The next town over was Fukuyama, and almost like Mihara, there is a castle seemingly on top of the bullet train line, only this time the train just missed it and the fake castle still exists. So I boarded the Sanyo line and headed to Fukuyama and admired the closed on Monday's castle from the outside. It is iron clad on one side.
By now threatening clouds were rolling in, but still it never rained, so I boarded the Nozomi back to Hiroshima and was back in my hotel by 2pm.
So that is a day trip in the Hiroshima region of Japan that had no hiking at all. It is possible to do.
As I mentioned in the wall of text above, the Bullet train station at Mihara stops on top of the demolished castle. Right on the castle walls.

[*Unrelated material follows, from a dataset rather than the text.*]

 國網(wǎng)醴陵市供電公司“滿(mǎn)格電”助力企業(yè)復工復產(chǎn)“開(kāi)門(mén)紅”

I had a few minutes to spare, so why not exit the station and cross the road to take a photo?
Onomichi station is not on the bullet train line, it is on the Sanyo line. A lot of trains coming from or going to Shikoku were cancelled due to heavy rain today.
There is Onomichi station, and the hill with the ropeway behind it, which I would soon climb up.
This is the official start point of the bike path across the many islands. The start is a boat ride.
On a grey day like today, Onomichi at sea level looks like some old rusty ship yards. Probably because that is what it is.
It was time to start the route for old temples. Here is a temple.
There are so many temples they had to knock one down for the ropeway station.
I think there are roughly 5000 grave stones for each inhabitant of this town. Seriously, everywhere was a graveyard. Ship building is a dangerous business.
Nice palm trees.
Time to climb the hill. It is really only about 10 minutes to the top on foot. Here is a view part way up, with a rock.
That is the local art museum, an impressive building, closed on Monday's.
I had the concrete ring of destiny to myself.
I ran up and down its full length a few times.
Here is the view towards Hiroshima. Nice clouds.
And the view in the other direction, towards Okayama I guess.
And across the inland sea. Those are mainly many small islands.
The path down goes through the main temple, Senkoji.
You can ring the bell if you want.
After descending, I wandered into the covered shopping street, and the main shop that actually sold anything other than wigs and second hand clogs was selling lemon cakes, and lemon cake related items. I did not have a lemon cake. Should have.
Here is the almost completely abandoned part of the shopping street. Some of the shops were actually being used as car parking spaces. The actual shops!
The other end of the rather long shopping street has a few shops selling clothes for old people, and right at the end, bike shops.
Right by Onomichi station is the local department store, Fukuya. It looks a bit old from the outside, but still had a bit going on inside it.
Next stop, Fukuyama. I first wandered away from the castle side of the station to look at the roses. The station signage proudly declared Fukuyama to be the city of roses.
But I guess it is all about the castle, so here is the castle.
The chrysanthemum festival is in full swing here. They had strict crowd control in place for the 5 of us looking at the flowers.
A bit more castle.
The inside of the castle was closed, it is a museum of sorts. It is a fake castle, so the inside is concrete and vending machines. However I could wander all around it, and the back is clad with iron. There was a sign explaining that it was clad with iron on one side, but not why it was clad with iron on one side.
After castle appreciation, it was time to ascend to the top of Fukuyama station and board the Nozomi Shinkansen back to Hiroshima, which is about a 25 minute ride, unreserved (there were plenty of seats). It is still not raining here.